Кончаловский первым получил разрешение снимать игровой фильм в Кремле, первым снимал в здании КГБ. Перед нами как бы реальная обстановка, в которой разыгрывается как бы реальная история. При этом мы ни на минуту не чувствуем себя зрителями документального фильма (это противоречило бы стилистике мыльной оперы) – мы имеем четкое, технически совершенное изображение, умеренно насыщенное деталями, как, скажем, в «Далласе». Нормальное изображение, не раздражающее и не мешающее следить за историей. Как бы изображение.
Так же дело обстоит и с характерами. Вот главный герой картины Иван Саньшин в исполнении Тома Халса. ««Блаженный» – так Андрей Кончаловский охарактеризовал мне мою роль», – сказал Том Халс.
Кончаловский умный человек, он знает, как настроить актера на правильную волну. Он, конечно, говорил Тому Халсу и еще какие-то слова о Сталине. Но что такое Сталин для этого американского парня? Абстракция. «Блаженный» – слово, определяющее характер, уже сыгранный Томом Халсом когда-то в «Амадеусе».
То есть, берется знакомый актеру и зрителям характер, – и дело сделано.
Здесь, конечно, можно говорить о более или менее скрытом заимствовании.
Но есть и прямое – сцена в детприемнике, куда является Анастасия в поисках Кати. Директриса, суровая женщина с папиросой на отлете (ее играет Ирина Купченко) – откровенная калька персонажа Аллы Демидовой из «Зеркала» Тарковского (эпизод в типографии).

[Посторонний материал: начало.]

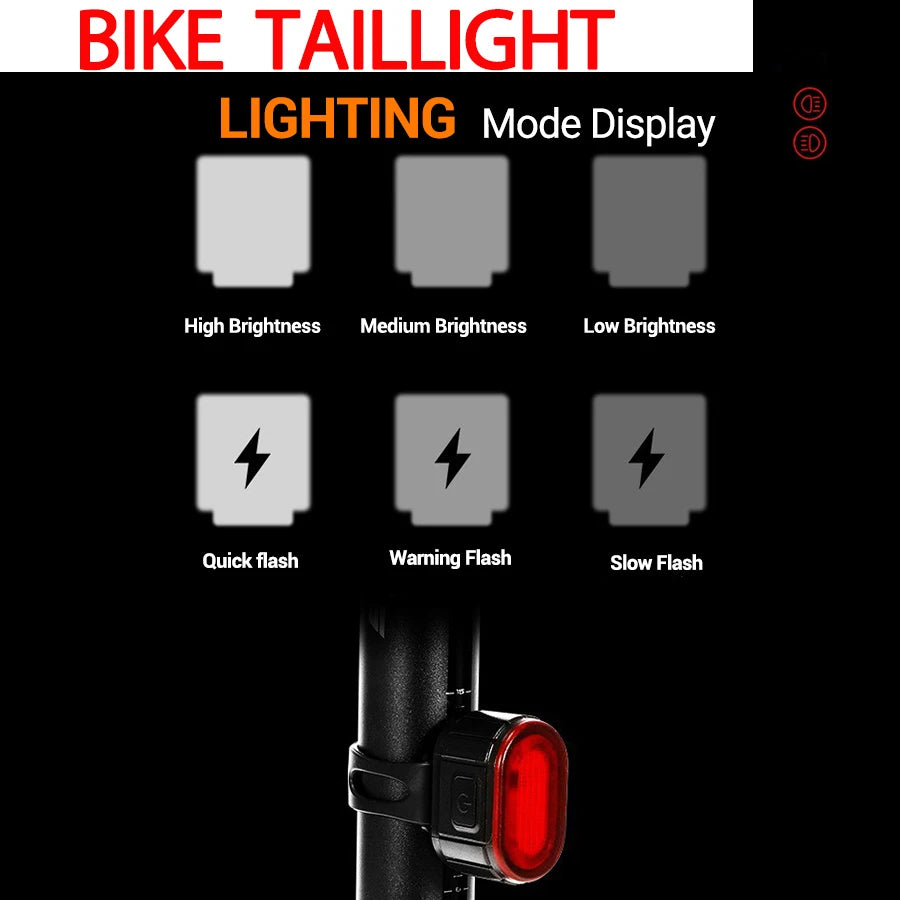 Rechargeable Bicycle Lights Bike Safety Warning Lamp Outdoor Waterproof Cycling Flashlight For Mountain And Road Bikes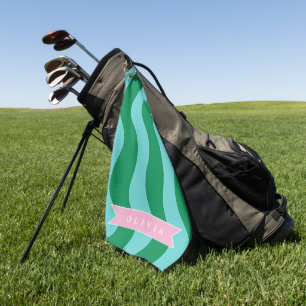 Personalized Modern Fun Green Wave Stripes Custom Golf Towel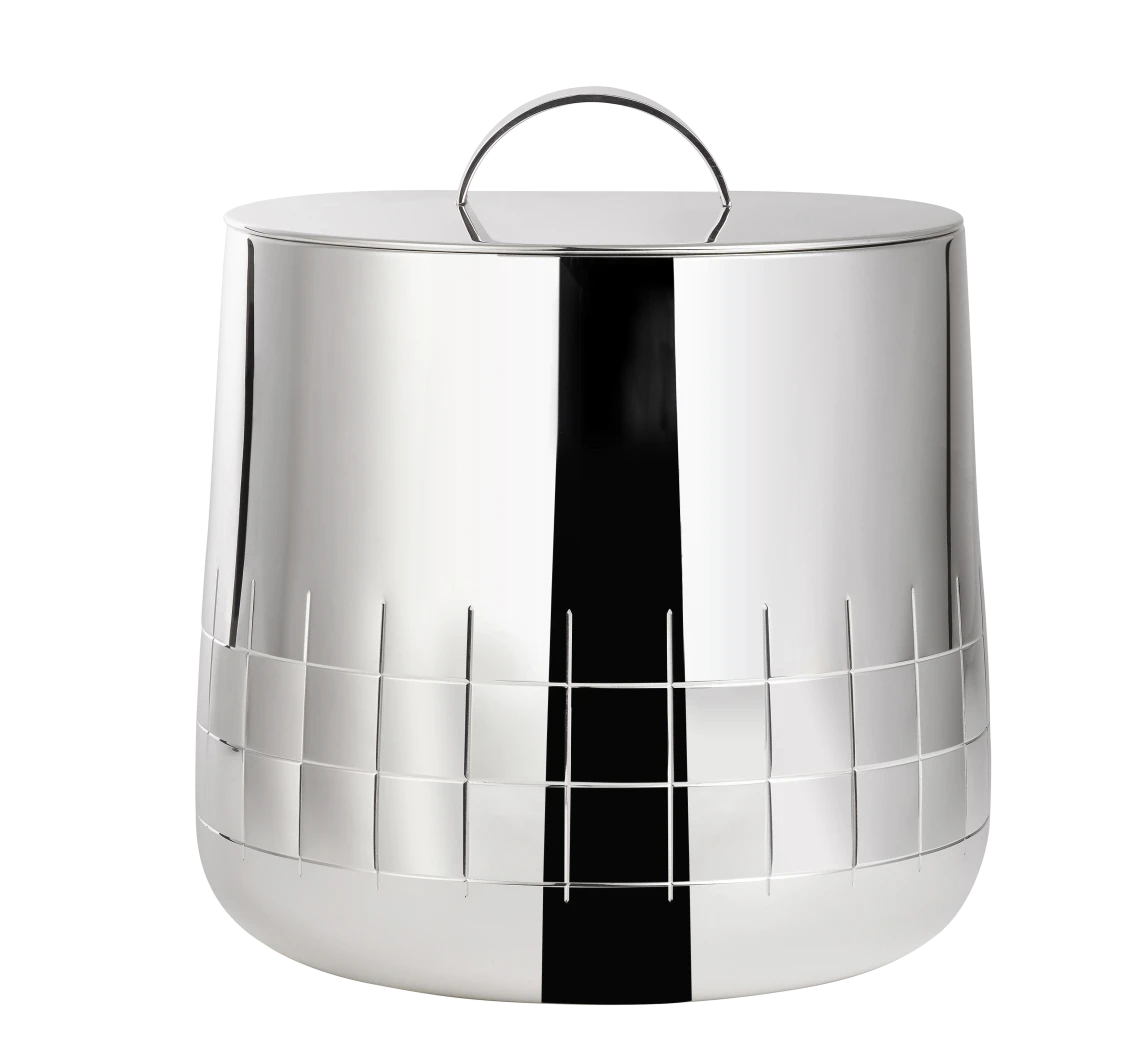 The Christofle Graphik Silver Plated Ice Bucket features a stylish grid pattern, curved lid and handle, and double-insulated walls to keep ice cold with elegance.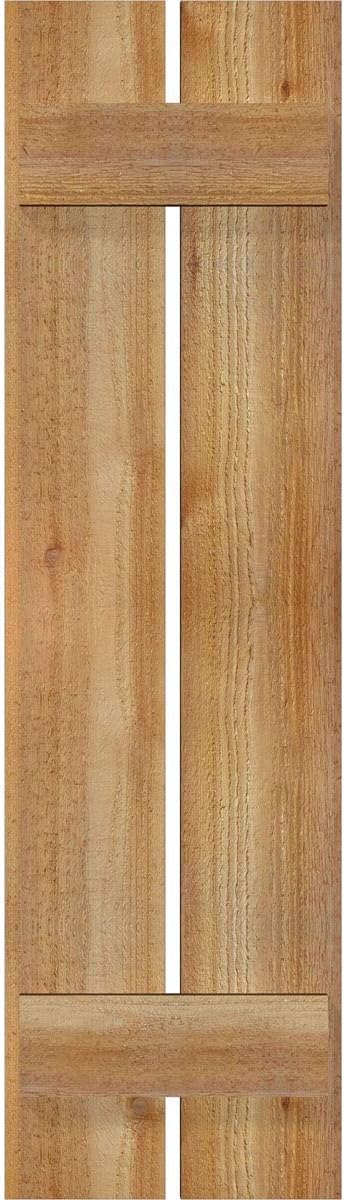 Ekena Millwork RBS06S11X040RWR TimberCraft Two 5 3/8" Boards Spaced Board-n-Batten, Rustic Wood Shutters (Per Pair), 11 1/4"W x 40"H, Rough Sawn Western Red Cedar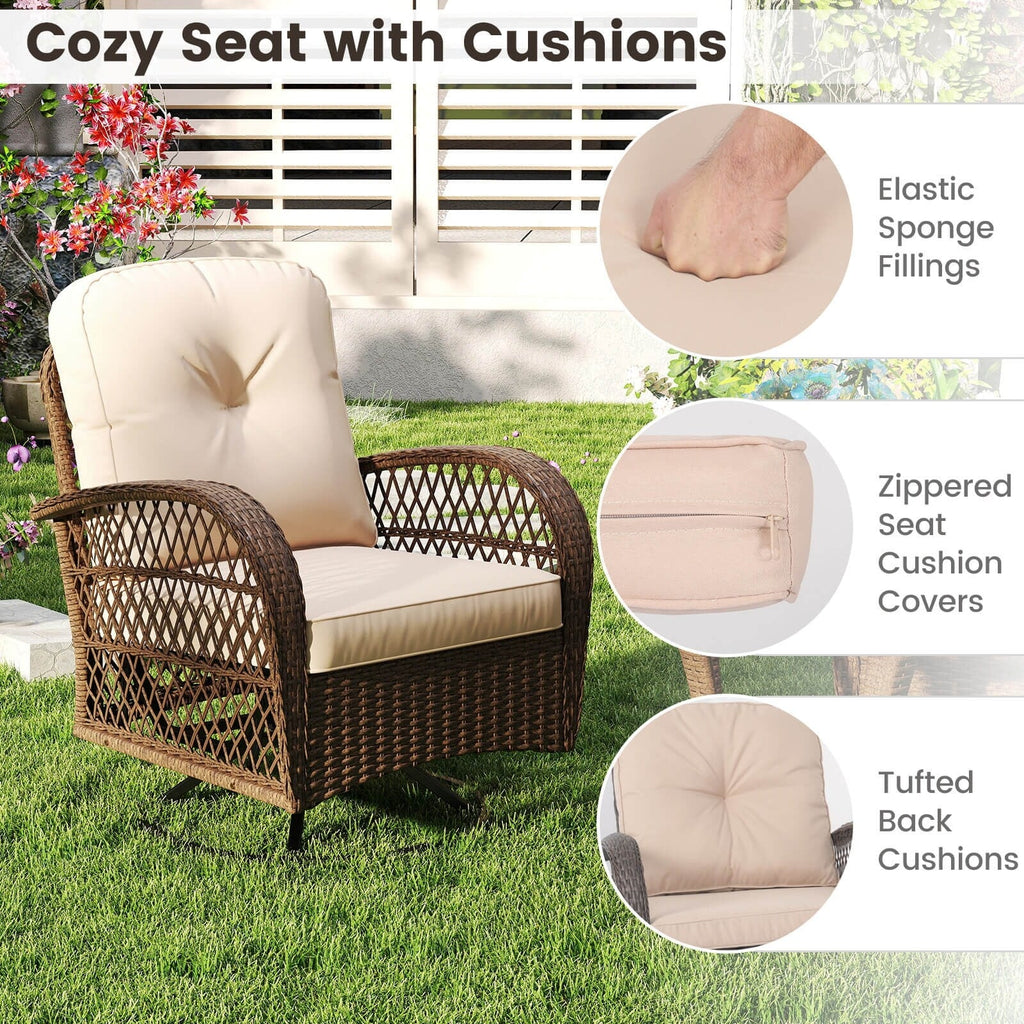 Ensemble de 3 chaises pivotantes et berçantes Costway pour patio - Voir les détails
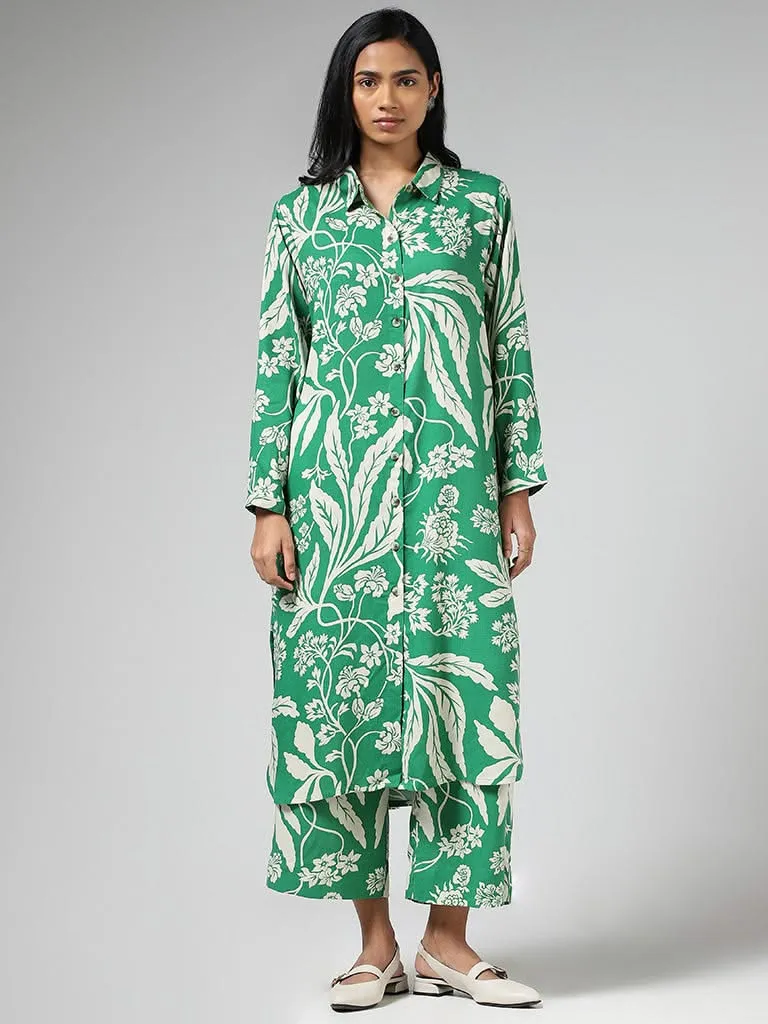 Utsa Green Floral Printed Wide-Leg Pants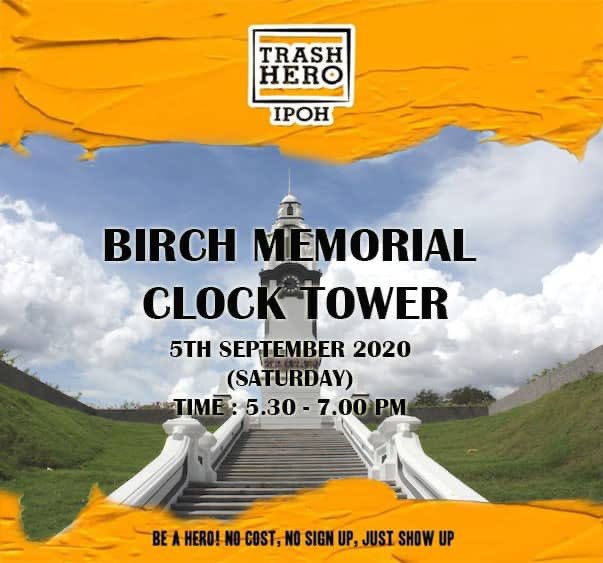 trashheroipoh's tweet photo. Hello heroes! 🦸♂️🦸♀️ Join us tomorrow (5th September 2020) for our #WeeklyCleanup at Birch Memorial Clock Tower from 5.30 pm till 7.00 pm. See you guys there! 🌻💛✨ https://t.co/K3S7TNeeBR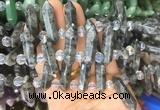 CBBS61 15 inches 8*30mm - 9*33mm hexahedral prism black labradorite beads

Повторен не только рисунок роли: сам характер персонажа и ситуация, в которой мы сталкиваемся с этим характером, – сходны. Речь идет о балансе страха, о том, как в нечеловеческих условиях люди пытаются оставаться людьми. Но в «Узком круге» воспроизведена лишь внешняя сторона ситуации; у Тарковского это сцена, дающая нам точную картину времени.
Разумеется, у Кончаловского – беллетристика, вымысел, в то время, как у Тарковского – личное, прошедшее через него: эпизод в типографии – это случай из жизни его матери.
Но именно в этом и дело, что Тарковский говорит о своем, а Кончаловский о чужом. Тарковский пытается понять мир и свое место в нем, Кончаловский – излагает историю придуманного Ивана, сформированную на базе усредненных представлений.
* * *
Кончаловский утверждает, что ему важно понять, «почему Сталин был возможен в России». И вот перед нами образ Ивана Саньшина, символ, по мысли режиссера, соблазненной нации. А между тем, Андрей Михалков-Кончаловский мог бы рассказать нам иную историю, впрямую связанную с интересующим его вопросом. Я думаю, эта история не менее важна для понимания эпохи, чем история придуманного Ивана Саньшина и даже чем история вполне реального Александра Ганьшина.
«Я отлично помню, что в этот момент я катался на своем трехколесном велосипеде по нашей маленькой квартире. Это был 1943 год. Было шесть часов вечера, отец был в ванной. Раздался телефонный звонок, и мама сняла трубку. „Да, – сказала она. – Позвоните попозже, он принимает ванну. Кто?“ Она медленно положила трубку, подошла к ванной и постучала в дверь (папа был в душе и вода очень шумела): „Тебя к телефону!“ – крикнула она. „Скажи – пусть позвонят попозже“, – ответил отец. „Это Сталин“, – сказала мама. Вода остановилась, я помню это, дверь открылась, и мой отец появился, голый, весь в мыльной пене. Он подошел к телефону, оставляя мокрые, мыльные следы на полу. Я никогда не видел таким моего отца – голым, в мыле, у телефона. Он сказал: „Да. Хорошо. Конечно. Большое спасибо“».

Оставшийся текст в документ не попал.